▶ PROVIDED MATERIAL:
........

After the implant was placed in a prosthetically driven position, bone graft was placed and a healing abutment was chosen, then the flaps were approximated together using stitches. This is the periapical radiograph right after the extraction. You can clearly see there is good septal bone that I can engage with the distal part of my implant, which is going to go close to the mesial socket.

........

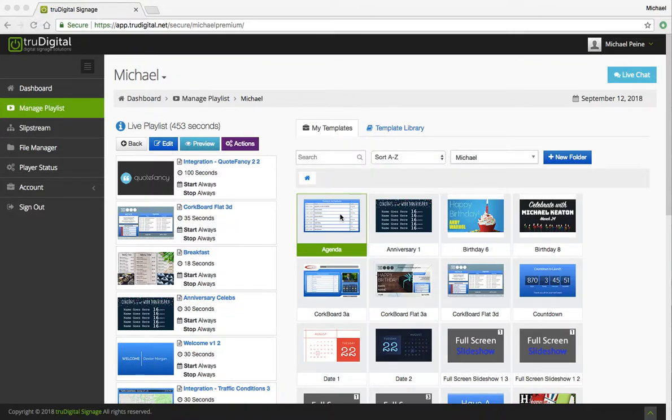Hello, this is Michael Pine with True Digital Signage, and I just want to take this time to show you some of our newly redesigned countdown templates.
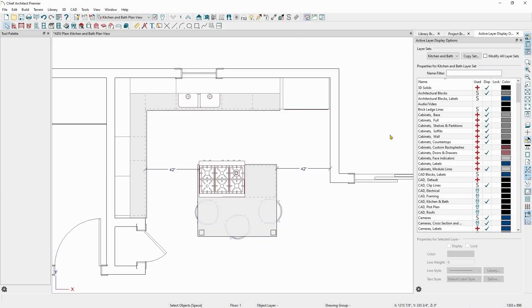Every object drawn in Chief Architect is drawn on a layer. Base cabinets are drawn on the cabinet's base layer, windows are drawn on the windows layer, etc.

........

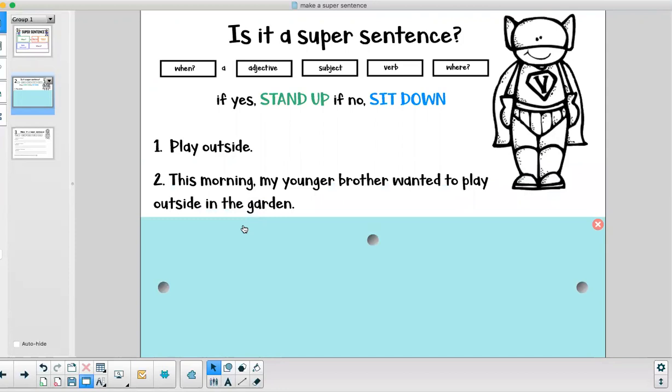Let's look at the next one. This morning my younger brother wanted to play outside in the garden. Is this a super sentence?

........

▶ EXERCISE AIM:
Would you output only the span of the records above that opens with the line containing "Hello, this is" and closes with the line containing "Every object drawn", ends included and pictures dropped?

▶ YOUR SOLUTION:
Hello, this is Michael Pine with True Digital Signage, and I just want to take this time to show you some of our newly redesigned countdown templates.
Every object drawn in Chief Architect is drawn on a layer. Base cabinets are drawn on the cabinet's base layer, windows are drawn on the windows layer, etc.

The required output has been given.